The uncontrolled accumulation of fat in the liver can lead to the progression of non-alcoholic fatty liver disease to a more severe condition with a strong inflammatory component (steatohepatitis). In turn, steatohepatitis can progress to cirrhosis and hepatocellular carcinoma. There is strong evidence that mitochondrial dysfunction plays an important role in this progression, namely through oxidative damage caused by increased levels of reactive oxygen species (ROS), resulting in so-called oxidative stress. In fact, it is in the mitochondria, the cellular organelle responsible for producing almost all metabolic energy, that most ROS are generated. This organelle also plays a key role in cell regulation (e.g., ionic, redox and metabolic regulation) and participates actively in apoptosis, a form of programmed cell death. In recent decades, several conventional antioxidants, such as vitamin E, have been tested for the treatment of non-alcoholic fatty liver disease, with mostly inconclusive or contradictory results. Our project DTP-FTO/2433/2014, funded by the Foundation for Science and Technology (FCT), helped us to understand the reason for these results. In particular, we found that: (i) the concentration of these antioxidants in mitochondria, one of the main sites of ROS damage in this pathology, is insufficient to exert the desired effect; (ii) many of these antioxidants disturb the normal redox balance of other cellular compartments, thereby altering cellular homeostasis.
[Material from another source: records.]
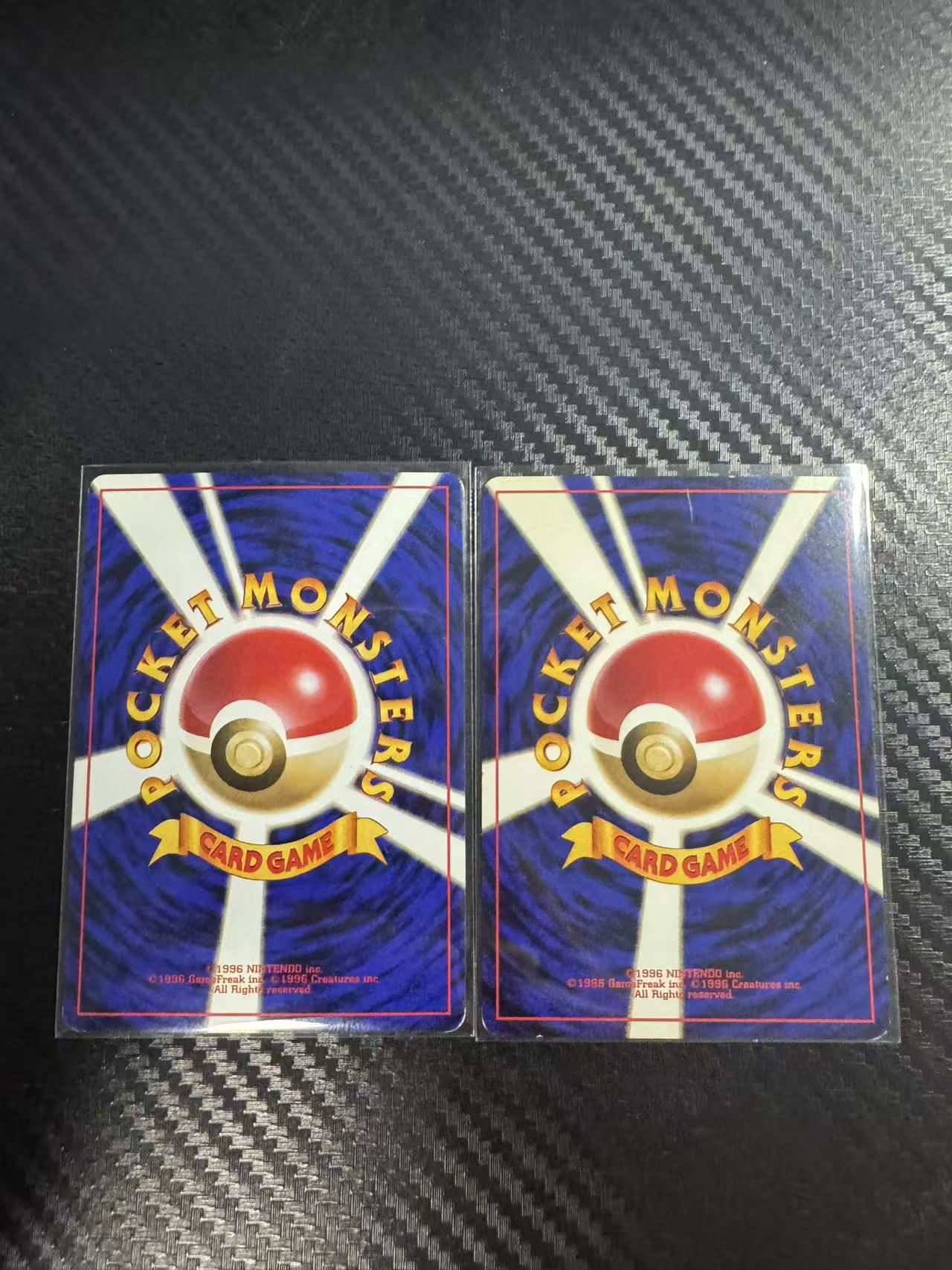 1996 Pokemon TCG 妙蛙花 ja 妙蛙花 2张 初代 老球背 默认看画 日版 宝可梦 收藏必备 卡品如图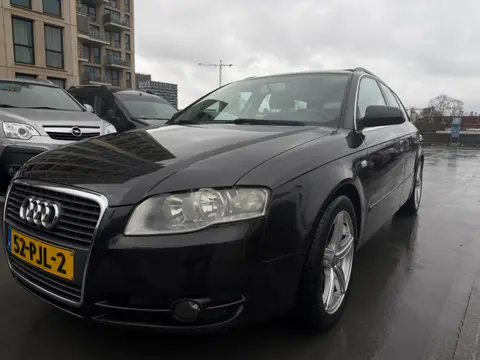 Audi A4 Avant 1.8 Turbo Advance Automaat Rijdt en Schakelt Perfect Pano Leer Nette Staat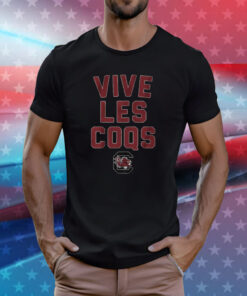 South Carolina Vive Les Coqs T-Shirts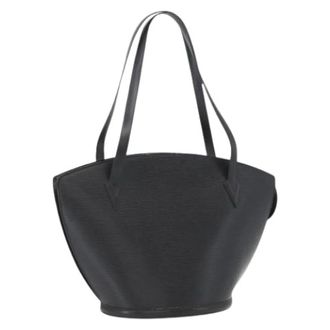 Louis Vuitton Pre-owned Tote Bags, female, Black, Size: ONE SIZE Pre-owned Vintage Epi Tote Bag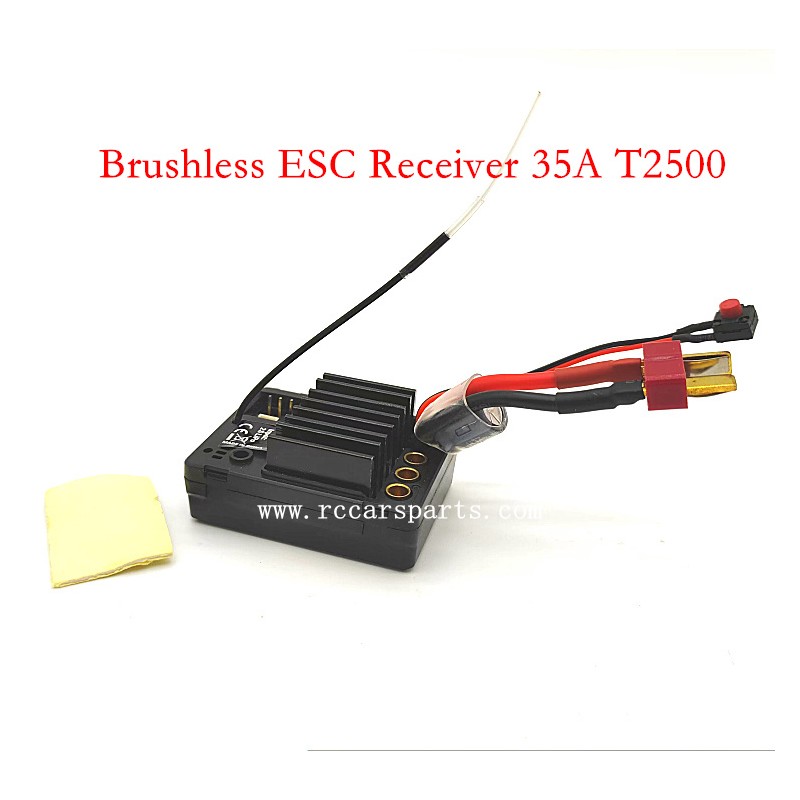 HBX 2997A Brushless ESC Receiver T2500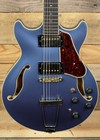 Ibanez Artcore Expressionist Amh90 Hollowbody Guitar Prussian Blue Metallic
During the present project, entitled “MitoBOOST v.2.0”, we will carry out a proof of concept aimed at demonstrating in an animal model the efficacy and absence of toxicity of a new molecule (AntiOxBEN2) in the treatment of non-alcoholic fatty liver disease. AntiOxBEN2 is an antioxidant compound of polyphenolic nature with specific targeting for the mitochondria developed by us within the scope of the aforementioned project DTP-FTO/2433/2014, which also included the in vitro validation (in cell cultures) of its antioxidant capacities and degree of safety. The evaluation of the effectiveness and toxicity of AntiOxBEN2 will be carried out in an animal model of simple hepatic steatosis induced by feeding healthy male mice of the C57BL/6J strain, with 6 weeks of age at the beginning of the experiment, with a high fat (30 %) high sugar (30%) (HFHS) diet. The animals will be treated five weeks after the introduction of the HFHS diet and maintained for another 13 weeks (total time of feeding with control diet and HFHS: 18 weeks). Animals fed a so-called normal diet will be used as controls.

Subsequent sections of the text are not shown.